Era inevitable que el final de Juego de tronos afectara a la siguiente gran serie del canal HBO. A ver con qué salen ahora para intentar mantener en todo lo alto las espadas del éxito. Misión titánica y probablemente imposible porque fenómenos así son consecuencia no solo de la calidad del producto (inmensa para los devotos, altamente cuestionable para los escépticos) sino de una confluencia estelar nunca predecible que siguen siendo el gran misterio del mundo del espectáculo. El marrón le cayó a Westworld porque en ella se ha invertido mucho dinero pero, a la vista de su primera y extenuante temporada, cuesta imaginar que haga sombra en cuanto a conocimiento y reconocimiento a "Juego de tronos". Incluso es tentador pensar que parece improbable que llegue a las mismas temporadas. ¿Por qué? Primero, porque su espectacularidad es menor y se limita a tiroteos que acaban siendo reiterativos por mucha violencia que se muestre con regodeo. Segundo, porque no tiene personajes carismáticos, y eso incluye a buenos actores como Ed Harris que juega a ser pistolero patibulario y Anthony Hopkins que juega a ser Dios empeñado en (re)crear la conciencia, y a los que cargan de frases pomposas y huecas.

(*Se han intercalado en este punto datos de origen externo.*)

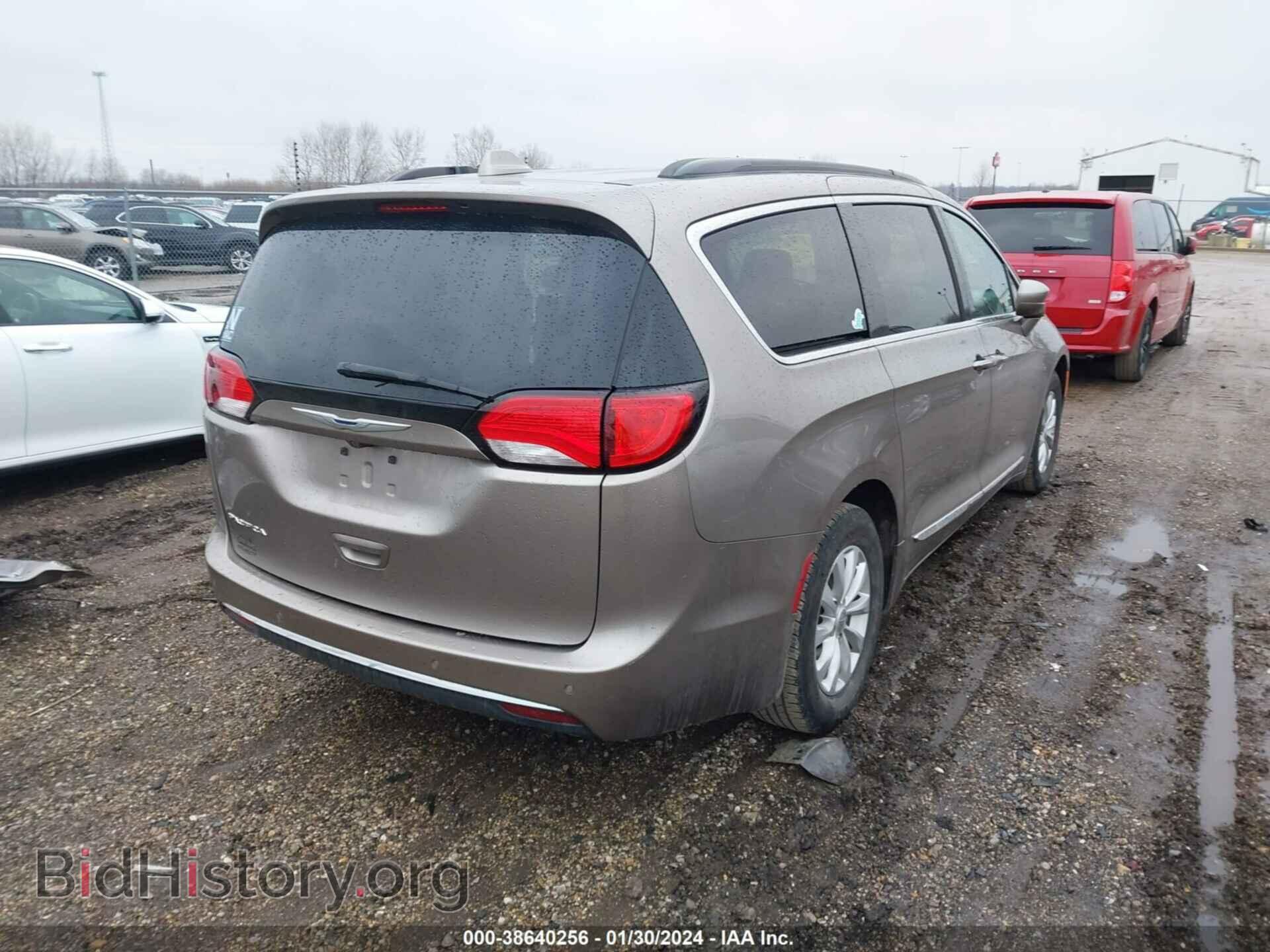 2017 CHRYSLER PACIFICA - VIN: 2C4RC1BG6HR788167 - Фото 4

En Juego de tronos hay también subtramas superfluas y algún exceso de verborrea pedantuela y desnudos innecesarios, como aquí, pero siempre tienes sensación de que la maquinaria, a mayor o menos velocidad, avanza. En Westworld puedes pasar capítulos enteros en los que no sucede nada relevante y los momentos francamente buenos (ese paseo de la filosófica Thandie Newton por el gran centro de fabricación viendo cómo se "crea" la vida y se recrean escenas que (re)conoce a modo de gran teatro del mundo, con ella como una de las protagonistas de una película en la que incluso sus sueños son ajenos) se ven dañados por un exceso de mensajes trascendentes.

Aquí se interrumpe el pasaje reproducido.